Directions for this task
Repeat the span of the entries below that starts at the line with "Tahari 100% Linen" and ends at the line with "تحولت لحظة غضب", nothing more. Skip the pictures.

Records
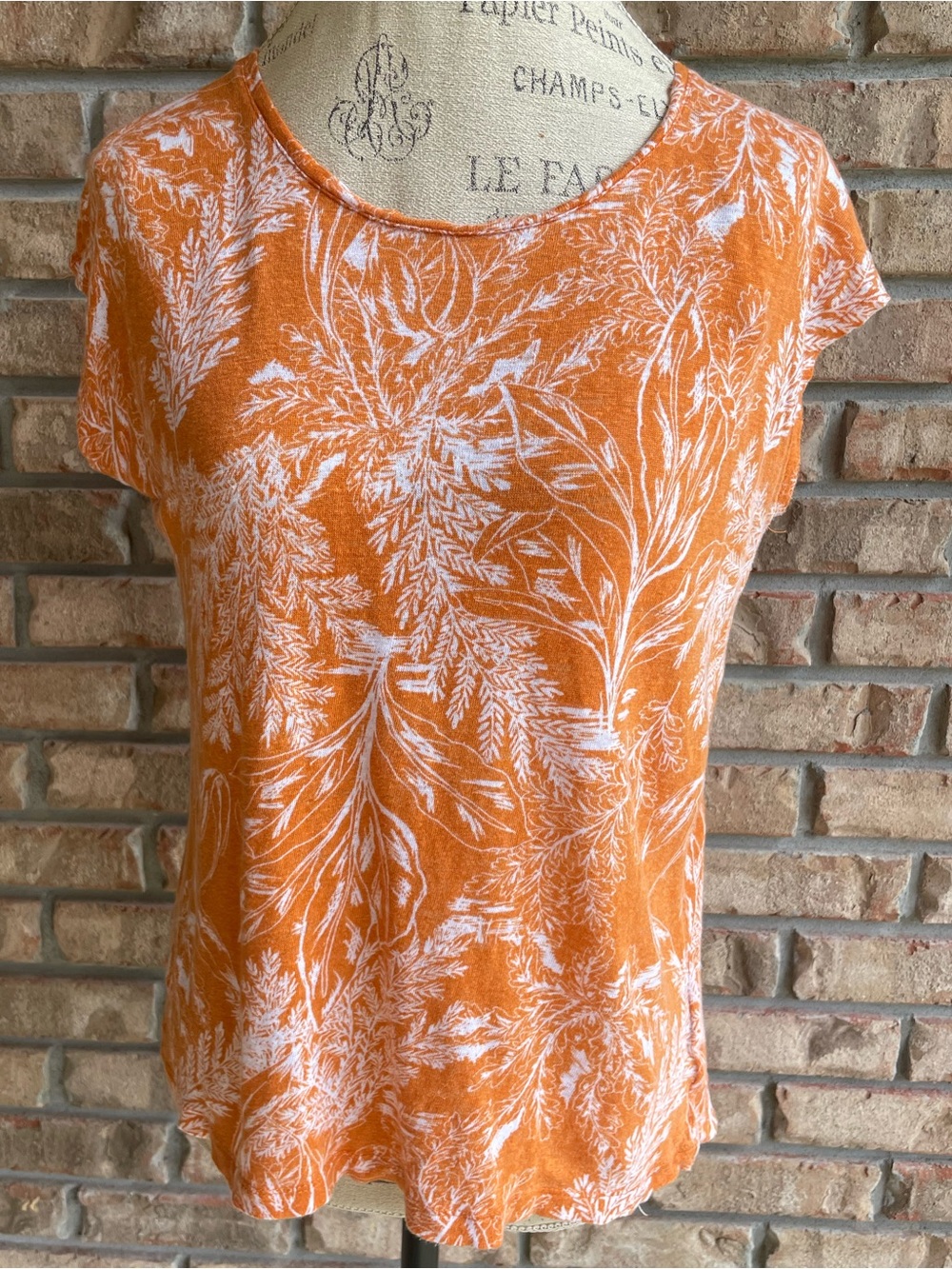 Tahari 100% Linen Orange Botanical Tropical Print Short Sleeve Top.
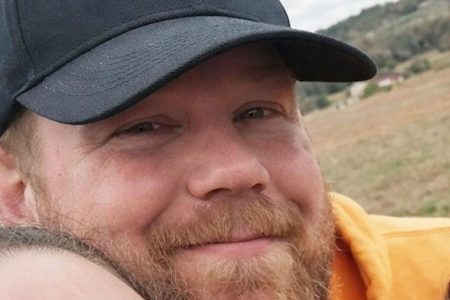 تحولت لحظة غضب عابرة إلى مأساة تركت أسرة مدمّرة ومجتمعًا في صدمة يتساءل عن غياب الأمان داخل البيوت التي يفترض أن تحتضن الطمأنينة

* * *

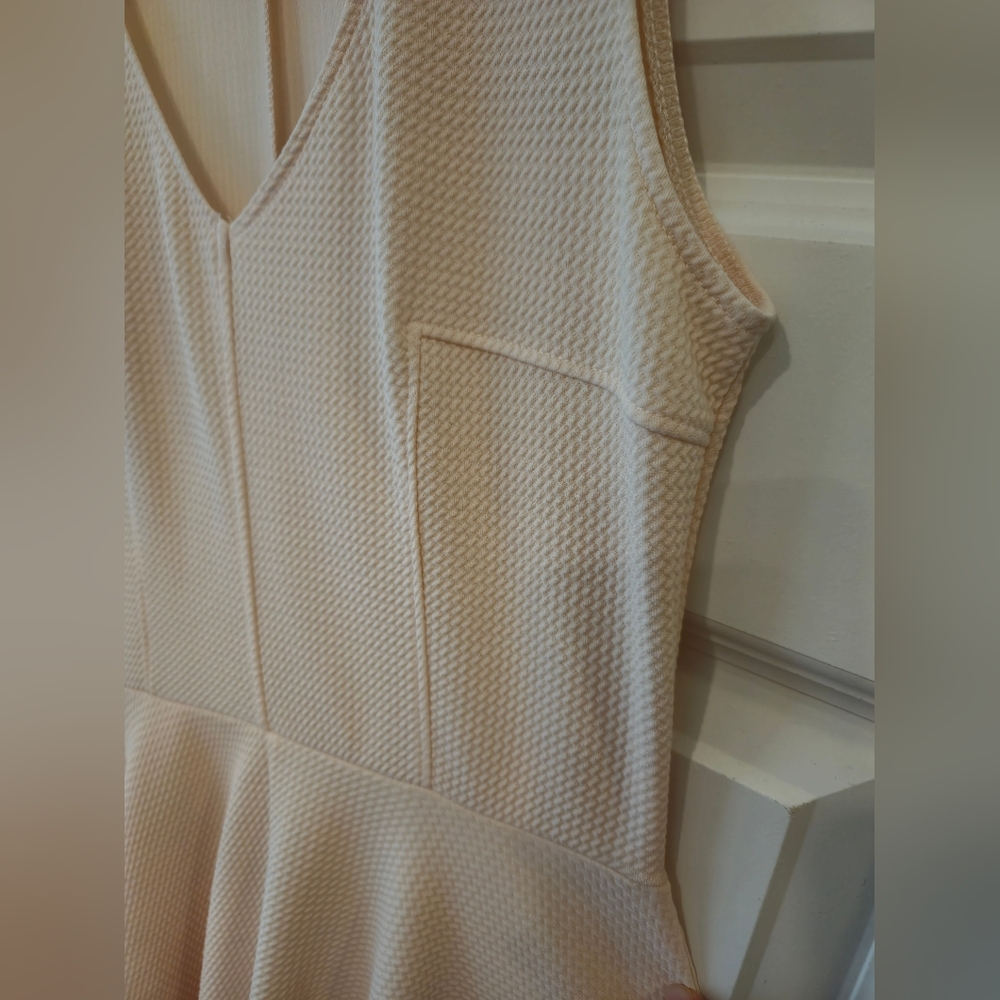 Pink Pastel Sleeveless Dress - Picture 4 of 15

Exercise solution
 Tahari 100% Linen Orange Botanical Tropical Print Short Sleeve Top.
 تحولت لحظة غضب عابرة إلى مأساة تركت أسرة مدمّرة ومجتمعًا في صدمة يتساءل عن غياب الأمان داخل البيوت التي يفترض أن تحتضن الطمأنينة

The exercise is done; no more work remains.